Further information on the progress of the Bill can be found online here.
Policy: Business Support Issues
/Issue / Date / Detail /
Employers get apprenticeship boost / 08.01.13 / Further support has been announced by the Government to support small and medium-sized businesses recruit and train apprentices. The Government confirmed an extension of the ‘Apprenticeship Grant for Employers’ for 16-24 year olds to March 2014, the £1,500 grant is available to help businesses with less than 1000 employees take on an apprentice.
Initially only on offer during the 2012/13 financial year, the funding has been extended following a positive response from employers. It has also been increased so eligible employers can claim the grant for up to ten apprentices.
Vince Cable MP, Secretary of State for Business Innovation and Skills, said:
“I know it can be a big decision for busy, small companies to take on an apprentice. Employers may be concerned about the time recruitment and training will take, and anxious about how it will work. So the £1500 grant is a token to acknowledge this and thank employers. I hope many more people will take us up on our cash incentive to grow their business, and train up the workforce of the future.”
David Way, chief executive of the National Apprenticeship Service, said:
“We know that many businesses believe Apprenticeships deliver the skills needed for growth so we are delighted AGE 16-24 has been positively received by employers for helping them to do just that.
“Apprenticeships come with a guarantee of quality, giving young people a job with training, and are proven to deliver a significant return on investment, so this really is a win-win initiative for employers. There has never been a better time to recruit an apprentice, so I hope more organisations will look at how they can benefit from this grant over the coming 12 months and reap the rewards of a more motivated, skilled and qualified workforce.”
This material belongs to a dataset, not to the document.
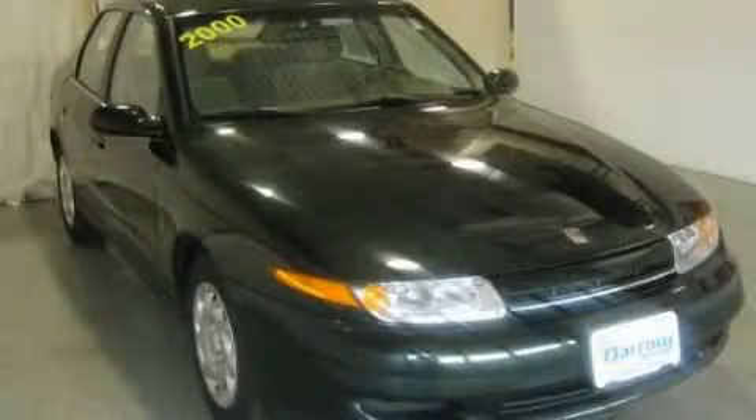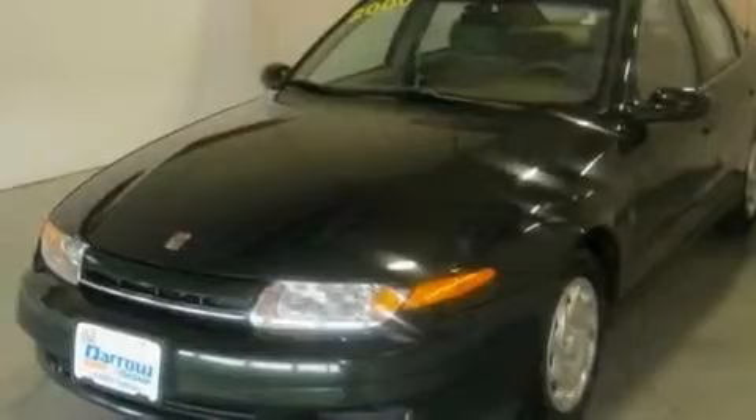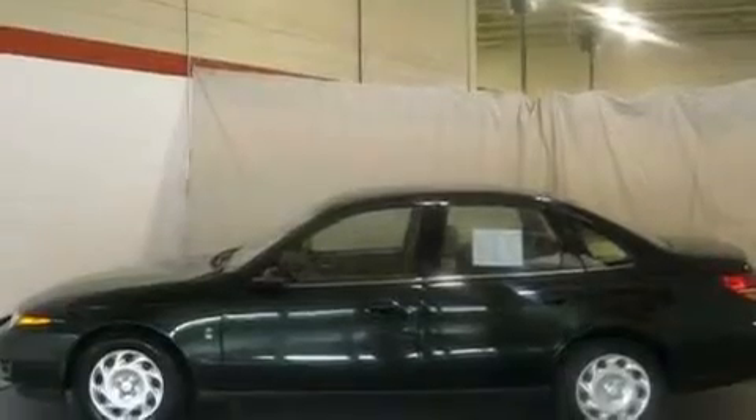This is a 2000 Saturn L Series. Its top features include cruise control, heated side view mirrors, a rear window defroster, an 8-speaker stereo system, a 4-wheel independent suspension, a passenger side vanity mirror, a security system, keyless entry, a CD player and folding rear seats.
Further information can be found online here.
More funding available through the Regional Growth Fund / 17.01.13 / The Deputy Prime Minister called on businesses across the country to bid for a share of the £350 million Regional Growth Fund.
The Regional Growth Fund has already helped 180 projects get started, creating local jobs and attracting significant private sector investment. Bids are invited for projects that will directly create jobs through private sector enterprise and growth and for projects that will enable or unlock future private sector growth, particularly in those areas and communities that are currently dependent on the public sector.
Round 4 of the Regional Growth Fund will close to applications on 20 March at noon, potential applicants are invited to attend informative events in their region for support and further help with the application process. The first of these will be in Manchester on 31 January 2013 and is open to any organisation interested in bidding.
Deputy Prime Minister Nick Clegg MP said:
“The Regional Growth Fund is already proving a shrewd investment by providing a welcome boost to jobs and growth across the country, with thousands of jobs created, businesses expanding into new markets and manufacturing new products. With this next round of funding, I would urge England’s budding businesses to produce top quality bids to access the money that can help them grow.
“There’ll be stiff competition, and we can only invest in those projects that will lead to sustainable jobs and the best value for money. Boosting jobs and growth is our number one priority for Britain right now. That is why I am so pleased to be opening a fourth round of the Regional Growth Fund which supports growth across a range of industries.”